The problem is that on Hatteras parts of NC 12, the highway down the island, does not exist.  Below is my last view of the highway, just after Hurricane Sandy passed by.  The dune line, which had been built up at the left and then reinforced before the storm, was completely washed away.  The storm surge then undercut the roadway, leaving it a broken ribbon of asphalt.  This is not the first time it has happened.


With our trip coming up soon I have been following the NCDOT ferry division's twitter feed.  (I've never followed a twitter feed before and think it will be a long time before I do it again, but in this case their "tweets" - never thought I would use that word - have been very helpful.)  I was a little surprised by their admission the other day that their "right of way is now in the ocean."  I have to wonder what that should tell us about the future of the road.


You can see the ocean overwash a few days ago in the photo below from the NCDOT.  The water running over the sand in the foreground is on the temporary sand road built west of NC 12 to allow four wheel drive vehicles to drive down the island.  The actual road, the right of way mentioned in the tweet, can barely be seen running off to the left in the surf of the Atlantic Ocean.  It strikes me that in a very real sense rebuilding the road bed and the "protective" dune line to the east of the road is an attempt to fill in the ocean.


Orrin Pilkey, emeritus professor at Duke University, has an op-ed piece in the New York Times that addresses the issues of barrier islands and the rising seas.  It is a sobering piece for anyone who loves the coast.  Pilkey's piece is about the Hurricane Sandy disaster in the New York and New Jersey areas, but much of what he talks about seems to apply to all barrier islands, including the Outer Banks.

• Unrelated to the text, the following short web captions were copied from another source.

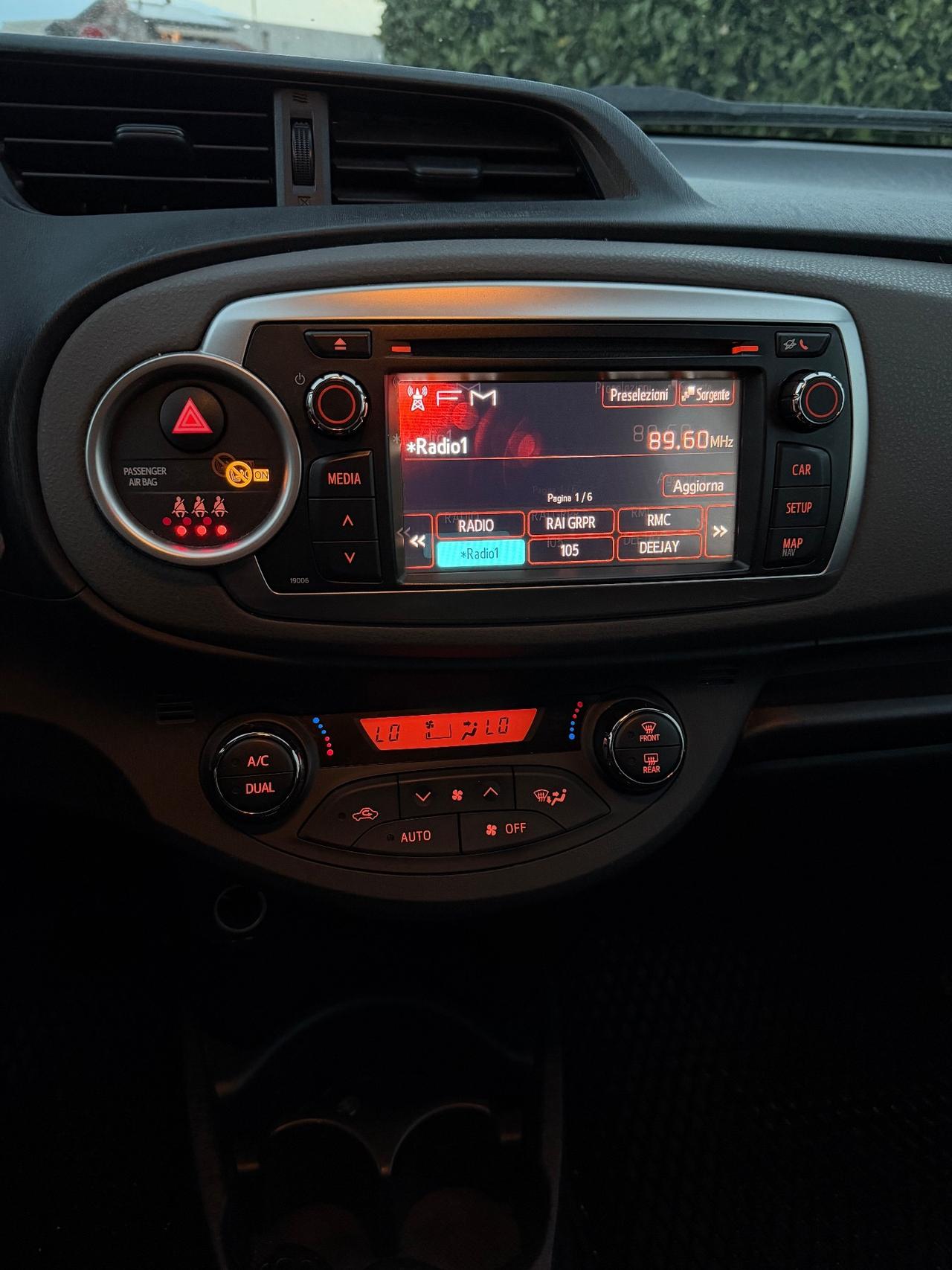 Toyota Yaris 1.3 5PORTE 99CV GOMMATA OK PERFETTA !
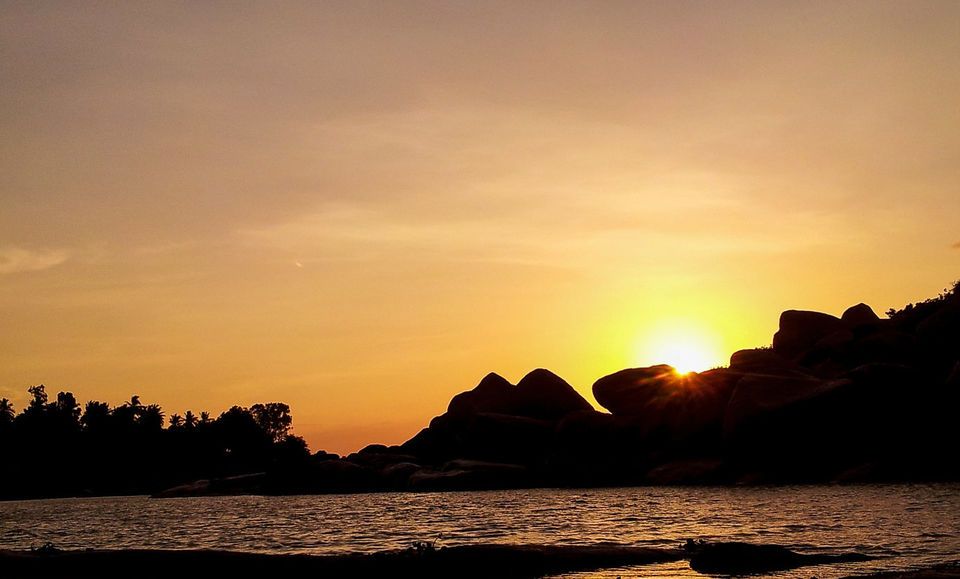Photo of Hippie island- HAMPI 9/15 by Swathi Mudhunuri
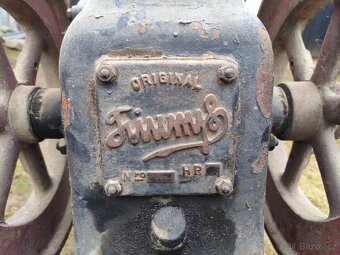 Stabilní motor Triumph (Slavia) 3Hp - 9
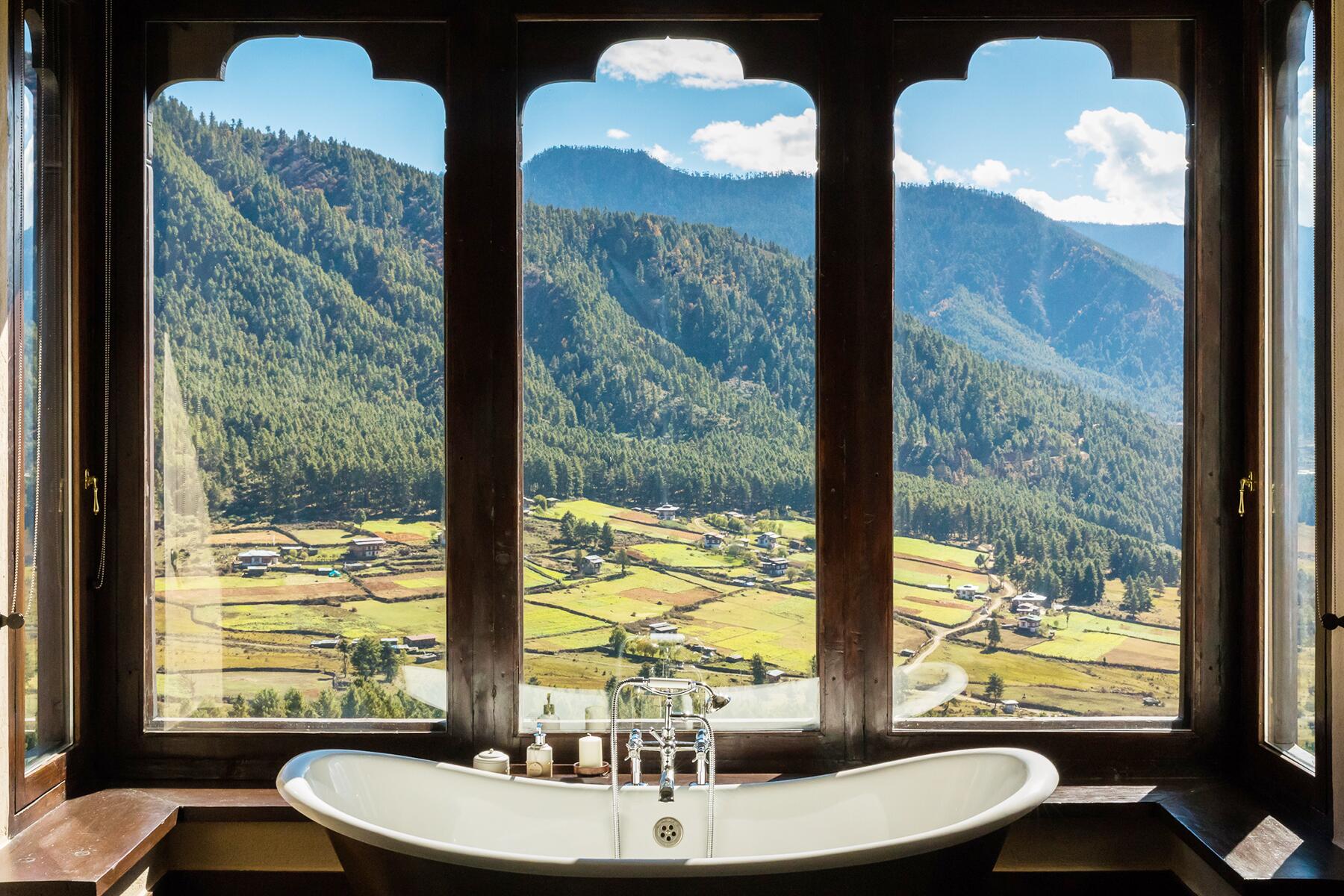 Gangtey Lodge bedroom bath view 3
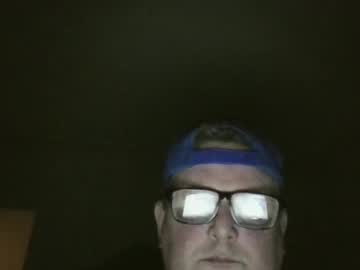 Bluemoose70 Chaturbate stream image from February 08, 2025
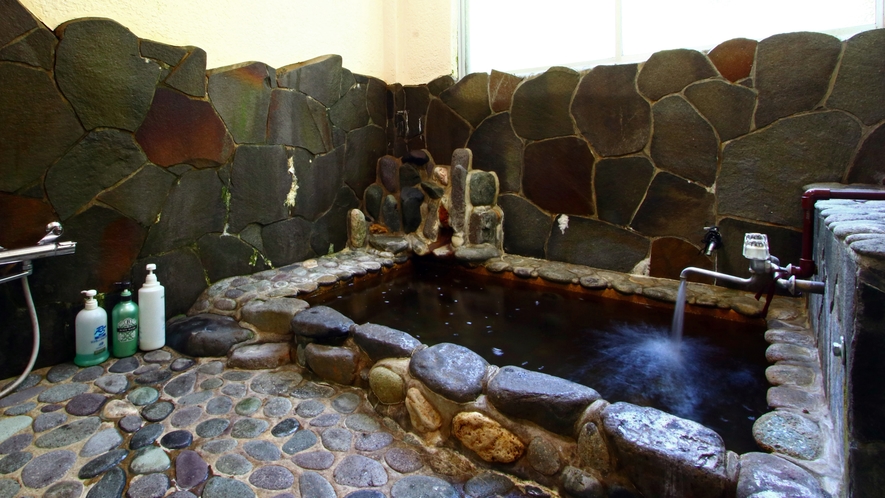 内風呂◆無色透明な天然温泉です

This is a difficult situation for everybody involved, from the road workers and engineers who are trying to rebuild the road, to the people who live out on the Outer Banks and depend on that road for both transportation and business.  I hope they can find a solution that works.

I am glad we have an alternate way to make the trip.  Everyone in the family loves the Outer Banks, I can't begin to count all the trips we have made down to Hatteras and Ocracoke over the years.  But it seems that the ocean is asserting herself now, and we may all have to adapt to the ocean's will.

steve

1 comment:

EyeInHand said...

I have mixed feelings about it, too.

When I was a kid, the only thing on the Outer Banks were the tough families who had been there for generations - wreckers and watermen - and a smattering of clapboard places that catered mostly to fishermen and hunters. That was when waterfront property was considered hazardous frontier, though, not prestigious places to put mcmansions and putt-putt golf courses. Back then, you simply couldn't afford to do it, or you had to be able to afford to lose it. Maybe we need to go back to that.